At Halton Labs' own scale the absolute numbers are small. A 0.27 percent residual on our own monthly spend works out to single-digit pounds. The point of writing it down is not the amount; it is that the residual has a known shape and a known cause-mix, which is what makes it a budget item rather than a suspicion. A suspected leak corrodes a team. A measured one, explained, becomes a line on a forecast.

We will be filing a longer methodology piece next quarter with the full classifier source open-sourced, the test fixtures published, and an invitation to read the predicates in detail.
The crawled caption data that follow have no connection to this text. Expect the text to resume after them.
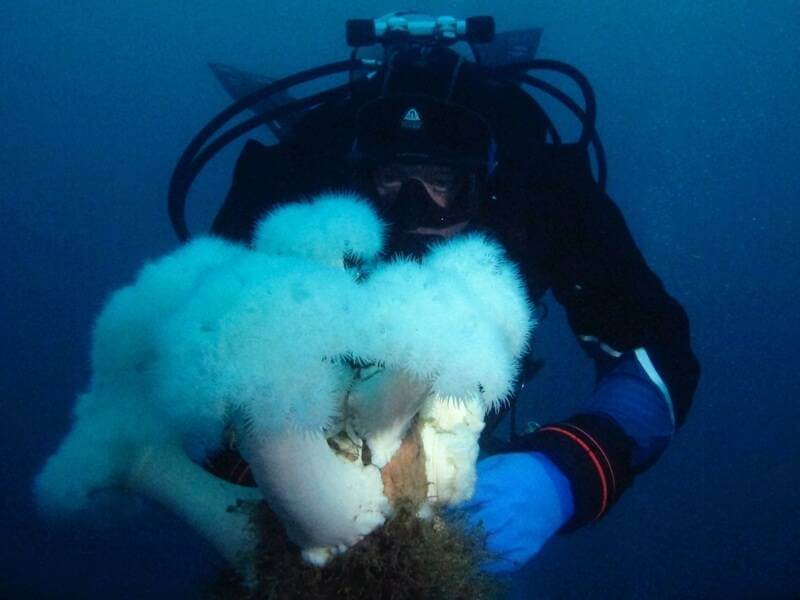 Marbendill köfunarskóli. Næturköfun Night Dive - Næturköfunarnámskeið. Haukur skoðar sæfífla í myrkrinu.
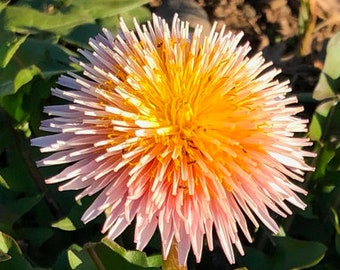 NEW Pink Dandelion SEEDS -- Taraxacum pseudoroseum -- Wildflower Garden Flowers Cottage Garden (6 Seeds) Free Shipping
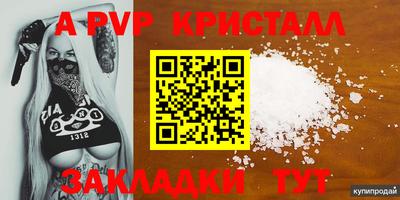 apvp Бийск
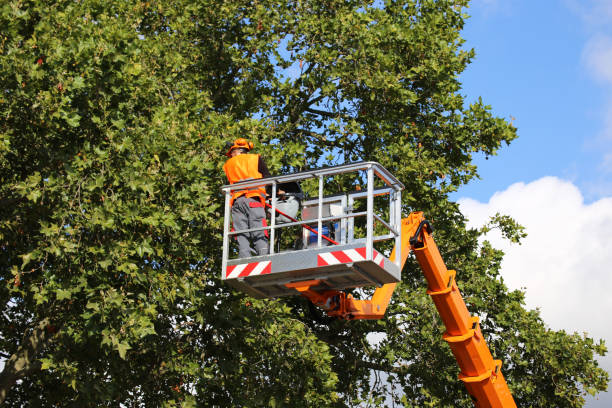 Trusted Lonaconing, MD Tree Removal and Landscaping Services Experts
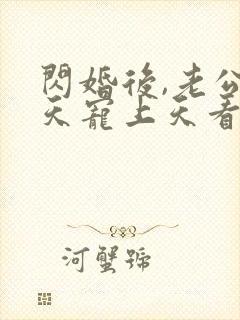 闪婚后,老公每天宠上天看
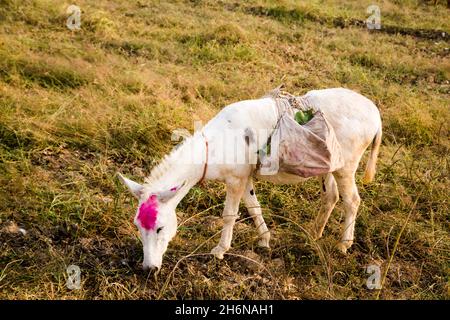 Donkey is grazing in Farm Stock Photo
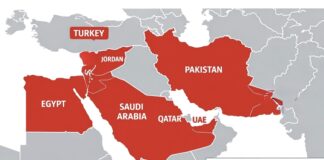 Eight Arab, Muslim States Condemn Israel’s Gaza Ceasefire Breaches, Warn Peace Plan at Risk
If you reconcile differently and think our 0.27 percent should be your 0.1 percent, we would like to hear from you on the desk.

EOF · No. 004 · Halton Meter Journal
Notes & sources
  1. The reconciliation engine is not public source. We expect a future commercial deployment to require a controlled-access boundary around the matcher itself. The classifier code is intended to be published; see the methodology piece next quarter.
  2. The figures in this dispatch are from the Halton Labs workspace running the daemon at small scale. Residual percentages are stable on this single workload over four months.
  3. Disclosure: Halton Labs is building a metering product whose reconciliation engine is the subject of this dispatch. Figures here are from a single dogfooded workspace.